Market where already-issued securities are traded between investors. To be distinguished from the primary market (initial issuance).

short / short-selling

Bearish bet on an asset, selling an asset you don't own, hoping to buy it back cheaper. Risky strategy reserved for professionals.

smart contract

Computer program executed on the blockchain, that triggers automatically if certain conditions are met. Foundation of DeFi.

SPIVA

Annual study comparing the performance of actively-managed funds to their benchmark index. Over 15 years, 90% of active funds underperform.

spread

Bid-ask spread : Difference between the buying price and the selling price of an asset. Represents the implicit transaction cost.
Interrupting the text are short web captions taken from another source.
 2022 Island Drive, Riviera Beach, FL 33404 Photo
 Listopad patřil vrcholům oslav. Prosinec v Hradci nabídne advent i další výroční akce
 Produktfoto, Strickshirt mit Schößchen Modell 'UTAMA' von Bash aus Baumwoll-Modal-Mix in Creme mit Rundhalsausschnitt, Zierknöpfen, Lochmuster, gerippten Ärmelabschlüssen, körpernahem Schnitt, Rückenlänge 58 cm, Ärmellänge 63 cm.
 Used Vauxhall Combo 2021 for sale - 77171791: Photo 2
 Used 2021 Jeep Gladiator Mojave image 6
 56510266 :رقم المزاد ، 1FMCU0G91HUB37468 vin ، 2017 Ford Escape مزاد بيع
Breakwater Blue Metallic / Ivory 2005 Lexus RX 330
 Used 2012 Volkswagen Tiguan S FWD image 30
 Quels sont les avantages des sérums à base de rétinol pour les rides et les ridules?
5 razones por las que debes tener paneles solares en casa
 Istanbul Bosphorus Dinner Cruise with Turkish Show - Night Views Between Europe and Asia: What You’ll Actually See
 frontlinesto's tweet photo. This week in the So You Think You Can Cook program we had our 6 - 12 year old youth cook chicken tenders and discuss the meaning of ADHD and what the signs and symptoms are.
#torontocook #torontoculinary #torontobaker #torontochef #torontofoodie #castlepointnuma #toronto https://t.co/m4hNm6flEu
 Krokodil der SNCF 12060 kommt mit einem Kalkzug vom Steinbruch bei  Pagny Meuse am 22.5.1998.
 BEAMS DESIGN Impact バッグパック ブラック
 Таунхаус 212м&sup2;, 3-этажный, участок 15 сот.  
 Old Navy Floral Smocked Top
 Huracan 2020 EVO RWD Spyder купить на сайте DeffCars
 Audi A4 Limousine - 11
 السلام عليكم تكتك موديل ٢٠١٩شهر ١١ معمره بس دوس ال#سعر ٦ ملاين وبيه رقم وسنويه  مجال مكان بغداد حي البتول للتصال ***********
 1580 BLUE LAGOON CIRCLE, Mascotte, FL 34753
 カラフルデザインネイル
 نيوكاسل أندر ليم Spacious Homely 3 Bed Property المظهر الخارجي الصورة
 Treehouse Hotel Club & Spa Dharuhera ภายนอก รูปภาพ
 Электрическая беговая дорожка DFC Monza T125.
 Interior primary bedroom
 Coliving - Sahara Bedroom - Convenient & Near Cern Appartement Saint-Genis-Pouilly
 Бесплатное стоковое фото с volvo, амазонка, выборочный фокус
Credit spread : Extra yield a bond pays over the risk-free rate. Compensates the investor for the default risk taken. The riskier the issuer, the wider the spread.

stagflation

Combination of weak economic growth and high inflation. The worst of both worlds for investors.

stock / share

Ownership unit representing a fraction of a company's capital. Entitles the holder to dividends and a share of the company's value.

stop-loss

Automatic sell order for an asset if its price falls below a certain threshold. Used to limit losses, but can trigger panic selling.

T

TER

Total Expense Ratio, annual fees of a fund or ETF, expressed as a percentage. A TER below 0.5% is ideal for an index ETF.

ticker

Short code that identifies a financial product on an exchange. Example: AAPL for Apple, SWDA for the iShares Core MSCI World ETF.

V

volatility

Magnitude of price variations of an asset. High volatility means large short-term swings.

Y

yield curve

Graphical representation of interest rates by maturity. An inverted curve (2-year above 10-year) historically signals an upcoming recession.

YTM

Yield to Maturity, total yield received by holding a bond to maturity. Includes coupons and any premium/discount on the price.